El tema del Transantiago es un ejemplo concreto de la ilusión de participación. Sobre un tema de tanta envergadura en que se modifica el sistema de transporte urbano con un tremendo impacto para la comunidad y el desarrollo de su cotidianidad en su desplazamiento, recursos y calidad de vida. Su decisión es adoptada técnicamente por la autoridad y sin consulta ciudadana.

Nadie puede ignorar la importancia de la instalación de un sistema de transporte más moderno, que descongestione, no contamine y que aumente la velocidad del desplazamiento. Era una oportunidad inmejorable de llevar a cabo plebiscitos locales, para definir rutas y frecuencia, principalmente en las zonas más periféricas, donde los acercamiento se tornan más difíciles y donde habitan sectores más vulnerables, con menos recursos.

Simplemente no se los consideró porque allí viven los invisibles.

En este punto es relevante indicar que lo que se somete a evaluación es el rol que se asigna al Estado y al enfoque que el gobierno o los gobiernos hacen del mismo. O un Estado autorreferido y ajeno a los sentires y vivencias de la comunidad o un Estado abierto a la comunidad y en diálogo constructivo y participativo con ella. Esto define el carácter de las políticas públicas.

Políticas públicas definidas desde un verticalismo autoritario o políticas públicas que recogen la opinión de la comunidad. Políticas públicas que consideran a la comunidad como objeto de regulación o políticas públicas que ven a la comunidad como sujeto de construcción y partícipe de la regulación que los va a afectar.

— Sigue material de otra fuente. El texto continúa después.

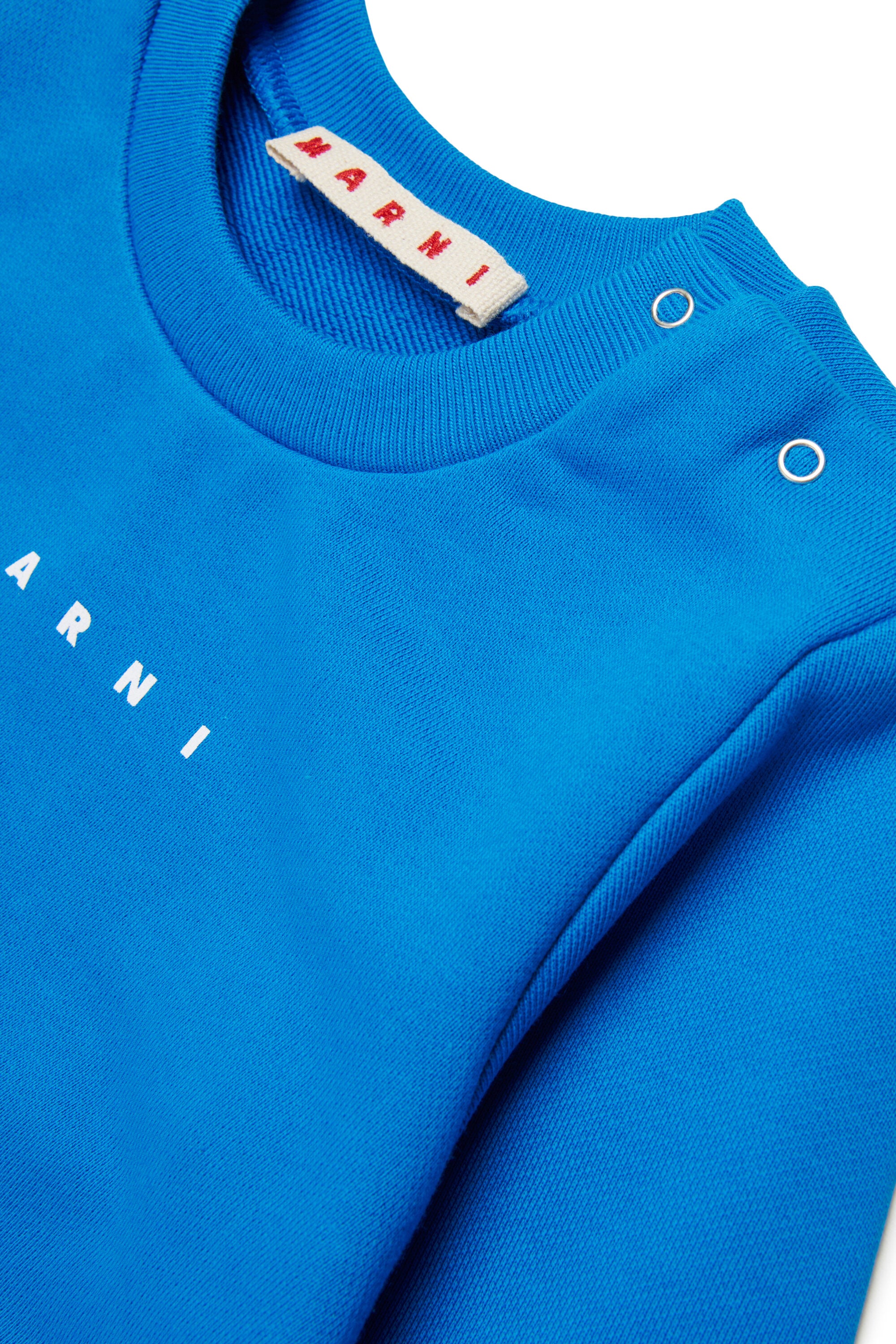 Sudadera de cuello redondo con logo Marni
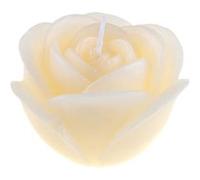 bougie décorative fleur rose 12x7cm ivoire - générique 000881500000025 Gris G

La historia ha demostrado y seguirá demostrando que cuando los grupos sociales son ellos mismos los que definen sus propias normas de regulación o participan en su elaboración, su conducta siempre será de hacerse cargo de su decisión y por lo mismo, pueden soportar el costo que dicha decisión implica. Cuando no es así y no se les considera, es más, cuando la norma surge a espaldas de ellos y contra su voluntad, lo esperable será el justo reclamo y el natural descontento y reprobación. Aquí entonces, es absurdo escuchar la voz manipuladora de la autoridad cuando pide que la comunidad haga un sacrificio por el bien de todos, cuando en general ese bien normalmente es en perjuicio de los más vulnerables, de los invisibles.

Chile está viviendo un tiempo en que el descontento de la comunidad frente a la autoridad, los gobernantes y los partidos políticos, crece. Así lo reflejan sistemáticamente las encuestas. Esta es una señal que no puede ignorarse. Es una señal que reclama en el fondo su consideración de sujeto. Es una señal que se levanta frente a una política organizada y diseñada para excluir y discriminar. Es una voz que se levanta desde el fondo del alma de un pueblo que quiere recuperar su soberanía.

De un pueblo, de una comunidad que quiere dejar de ser invisible. De una comunidad que quiere recuperar su visibilidad y ser constructora de su futuro.

* El autor es abogado y Decano Escuela de Derecho U. Bolivariana.